How Government Offices Can Maintain Individual Privacy in Public Records
In this digital age, protecting sensitive personal information is always a top concern for businesses and consumers. And while the media often focuses on malicious external data breaches as the biggest threat, a recent AIIM study found that the companies they surveyed experienced a higher rate of data exposure due to internal staff errors and theft.
"Overall, 28% of organizations suffered a data loss or exposure from staff negligence, making it the most likely cause of data loss," the study states. For government offices that deal heavily with public records and still rely on manual processes, employee error and negligence is even greater cause for concern.
Accidental release of personally identifiable information (PII)

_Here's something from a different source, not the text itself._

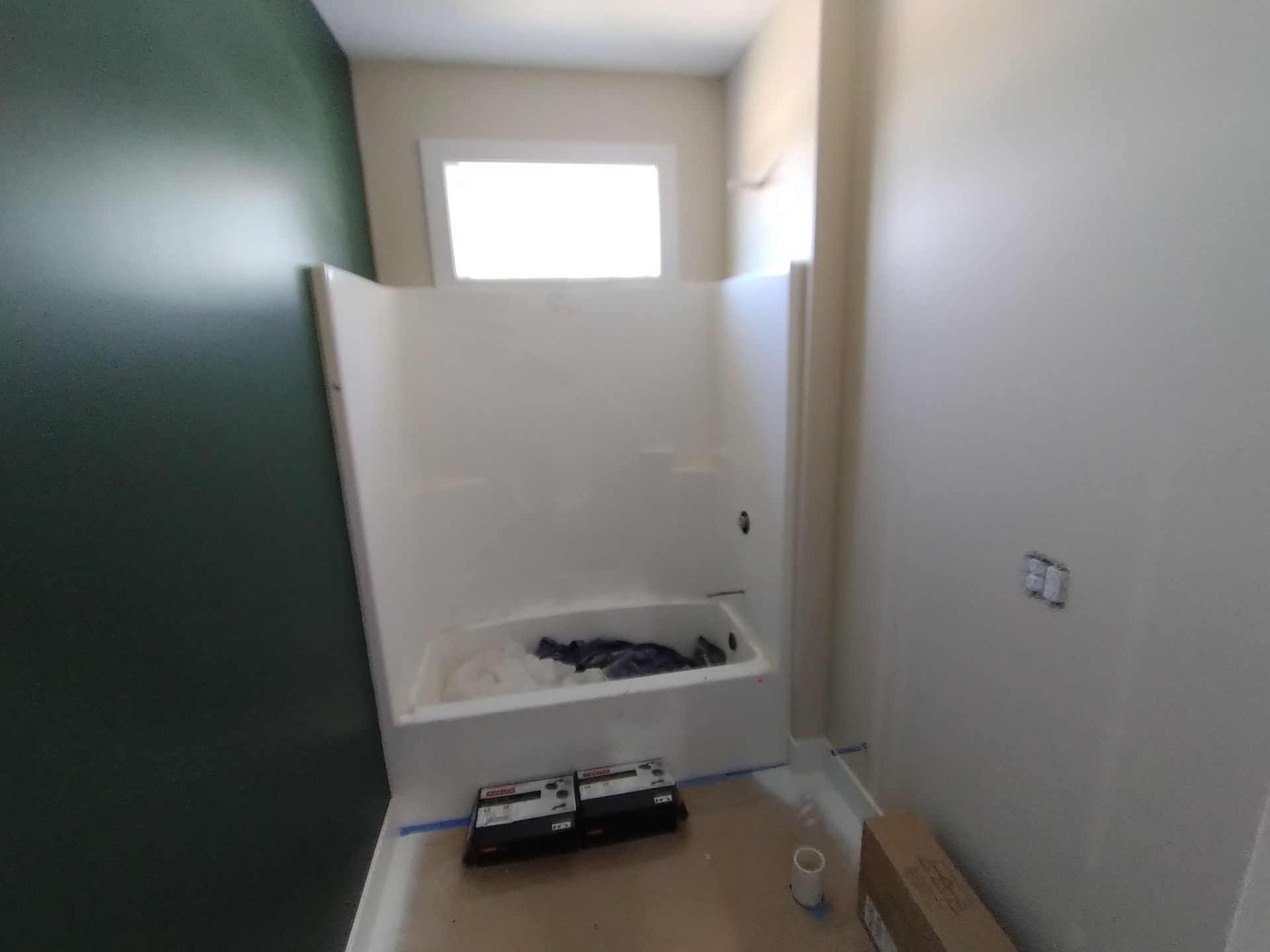 Bathroom with white shower stall, dark green and light walls.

Government offices around the country have been in the news because they inadvertently released personal information to the public when they failed to redact sensitive information. In fact, several such cases members of the public have brought lawsuits against government offices after their information became exposed.

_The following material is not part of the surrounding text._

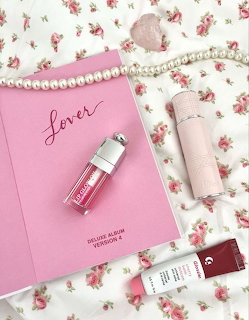 Pink Lover album, lip gloss, pearl necklace, pink tumbler, and rose quartz on a floral bedsheet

How does this happen? Many times, it boils down to nothing more than human error. Many offices still rely on staff members to manually redact documents before they're made available. Depending on the number of requests the office receives, that could take minutes, hours, or even days. Older documents may also pre-date privacy laws, so they now are not compliant.
Making personal data easier to identify and remove
So what's the answer? Putting automated electronic processes into place is a good first step. Accusoft offers several APIs and toolkits that can be used to develop an end-to-end solution that rapidly finds and redacts personally identifiable information from public records. Here's an example of what an automated workflow might look like:
Rapidly scan stacks of paper forms and documents to turn them into digital files. Not only does this make them easier to work with, but it saves time over manual processes.
Advanced searching makes it possible for you to search by word/phrase, begins/ends-with, wildcard, and more. Persistent hit highlighting lets you see multiple search terms in one document.
Auto-redact sensitive information, such as addresses, social security numbers, and email addresses, quickly and easily. Redactions are burned and saved into a new PDF for sharing, leaving the original document unaltered.
For an added measure of security, apply a watermark to the document to prevent copies from being presented as originals.
Manual review as a last step
While automated processes like this can greatly reduce manual processes and speed up throughput, you won't want to eliminate human interaction altogether. You'll want to have staff designated to constantly review and improve the automated process. Having that extra "set of eyes" on finished documents will also help ensure no private data is making it through the process.